The stories we tell ourselves about our own lives matter.
I was six years old when I first heard stories about the poor.
I remember learning that people who were poor needed something...
...material: food, clothing, shelter that they didn't have.
And I also was taught coupled with that, that it was my job,...
...this classroom full of five and six - year - old children; it was our job, apparently, to help.
This is what Jesus asked of us.
And then he said, "What you do for the least of these, you do it for me."
I was very eager to be useful in the world, I think we all have that feeling.
But I also learned very soon thereafter that Jesus also said and I'm paraphrasing,...
...the poor would always be with us.
I felt like I had been just given a homework assignment that I had to do,...
...and I was excited to do, but no matter what I would do, I would fail.

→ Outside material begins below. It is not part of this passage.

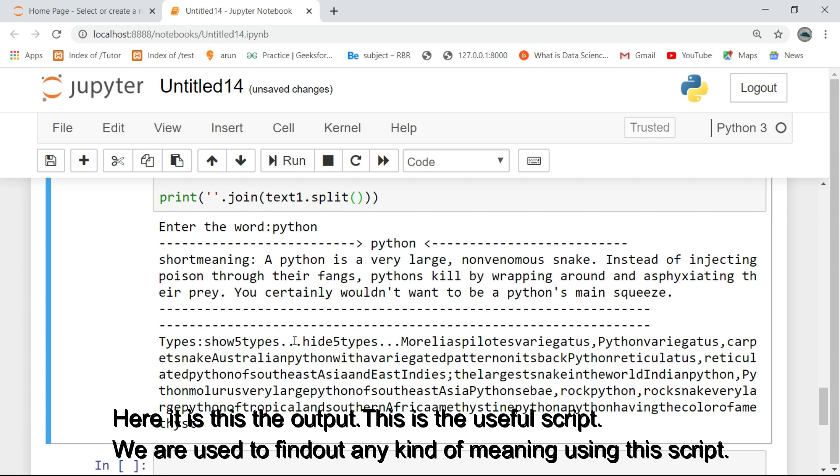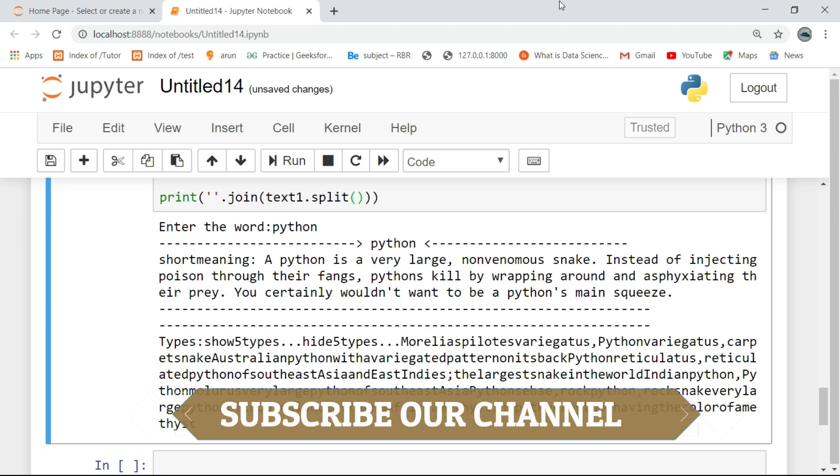Click the like button, subscribe, and share for more interesting scripts in Python.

So I felt confused, a little bit frustrated and angry,...
...like maybe I'd misunderstood something here and I felt overwhelmed.
In the years following, the other stories I heard about the poor, growing up...
...were no more positive.
I heard about disease, I heard about war.
They always seemed to be kind of related.
I started to feel bad every time I heard about them.
I started to feel guilty for my own relative wealth,...
...because I wasn't doing more apparently, to make things better.
And I even felt a sense of shame because of that.
And so naturally, I started to distance myself.
I stopped listening to their stories quite as closely as I had before.
And I stopped expecting things to really change.
Now I still gave; on the outside it looked like I was still quite involved.
I gave them my time and my money.
I gave when I was cornered, when it was difficult to avoid.
And I gave in general when the negative emotions built up enough...
...that I gave to relieve my own suffering, not someone else's.
But truth be told, I was giving out of that place,...
...not out of a genuine place of hope and excitement to help and of generosity.
I was buying my right to go on with my day...
...and not necessarily be bothered by this bad news.
I think that exchange can actually get in the way of the very thing that we want most.
It can get in the way of our desire...
...to really be meaningful and useful in another person's life and in short, to love.